June 10, 2012 9:50:01 PM

Raiddinn said:
Just wondering, but why do you need to know all this?


I'm studying computer architecture and digital electronics.
Unfortunately this stuff is considered to be pretty specialistic so it's not covered in standard books and even on the internet I've not been able to find clear articles/white papers on the matter.
I've tried to read a few data sheets from a few memory manufacturers (Qimonda, Hynix, etc) but they basically try their best not to explain exactly how things work :lol:  :lol:  Others (like Wikipedia) simply make random cut&paste from these same data sheets without actually explaining anything.

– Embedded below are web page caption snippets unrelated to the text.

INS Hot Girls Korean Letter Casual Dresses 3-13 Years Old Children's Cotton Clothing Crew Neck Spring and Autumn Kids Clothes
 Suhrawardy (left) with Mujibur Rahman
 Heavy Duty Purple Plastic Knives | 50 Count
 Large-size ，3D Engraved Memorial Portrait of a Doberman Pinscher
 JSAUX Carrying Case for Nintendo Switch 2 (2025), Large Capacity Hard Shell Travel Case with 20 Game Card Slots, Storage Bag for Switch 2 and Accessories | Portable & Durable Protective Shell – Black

So I thought/hoped that there would be experts here that can help me with my doubts.
Related resources
a b } Memory
June 10, 2012 10:04:30 PM

To be completely honest with you, you probably know more about this stuff than 99% of people that offer support here.

We don't tend to be the sorts of people that work directly for Samsung, Crucial, Hynix, etc designing these things. More commonly we are just regular guys that don't even work in IT that happen to be particularly good at figuring out why computers aren't working.

I highly doubt that you will find the answer you seek on these boards. I would look for some sort of message boards specific to people who do computer hardware engineering if any exist.

As you mentioned, I am sure such things are closely guarded secrets of the handful of companies that actually have the expertise to design these sort of chips in the first place.

Even half the RAM brands out there probably don't have people on staff who can adequately answer the question. Most brands just buy chips from a major manufacturer, stick them on a PCB, slap a label on it, and shove it on store shelves somewhere.
a b } Memory
June 10, 2012 10:40:41 PM

I don't know every little detail, but GDDR5 has a quadruple data (or at least something akin to it) rate, so you're right about it transmitting 4 bits per clock cycle per bit line. Each chip definitely has a 32 bit bus and although I've never heard of any that deviate from this, I can't confirm that there are no GDDR5 chips that have a wider or smaller bus.

Take this with a grain of salt, but Wiki has had a few half-decent pages about several memory interfaces. Maybe the GDDR5 wiki has the information that you are looking for. If not, it might at least have some good source articles. I admit that I've done some research on RAM technology in the past, but it's been a while.
a b } Memory
June 10, 2012 10:59:22 PM

Also, each chip's actual frequency is a fraction of the frequency of the input/output bus which runs at a frequency as measured in MHz that is one fourth of its transfer rate as measured in MT/s, for GDDR5. I don't know the ratios for chip to input/output bus frequency GDDR5, but I do know them for DDR3 and DDR4 and I'm pretty sure that DDR3 and GDDR5 have the same ratio for chip to input/output bus frequency, 1 to 4 and if you apply that to your expected 2 bit prefetch, then an 8 bit prefetch makes sense. I think that DDR4 and GDDR5 chips with the same bandwidth run at the same actual frequency, just with GDDR5 running the input/output bus at four times faster than the chip's internal frequency and one fourth of the transfer rate (transfer rate is sixteen times greater than the chip frequency) and DDR4 instead has the input/output bus running at eight times the actual chip frequency and one half of the transfer rate (still sixteen times the actual chip frequency).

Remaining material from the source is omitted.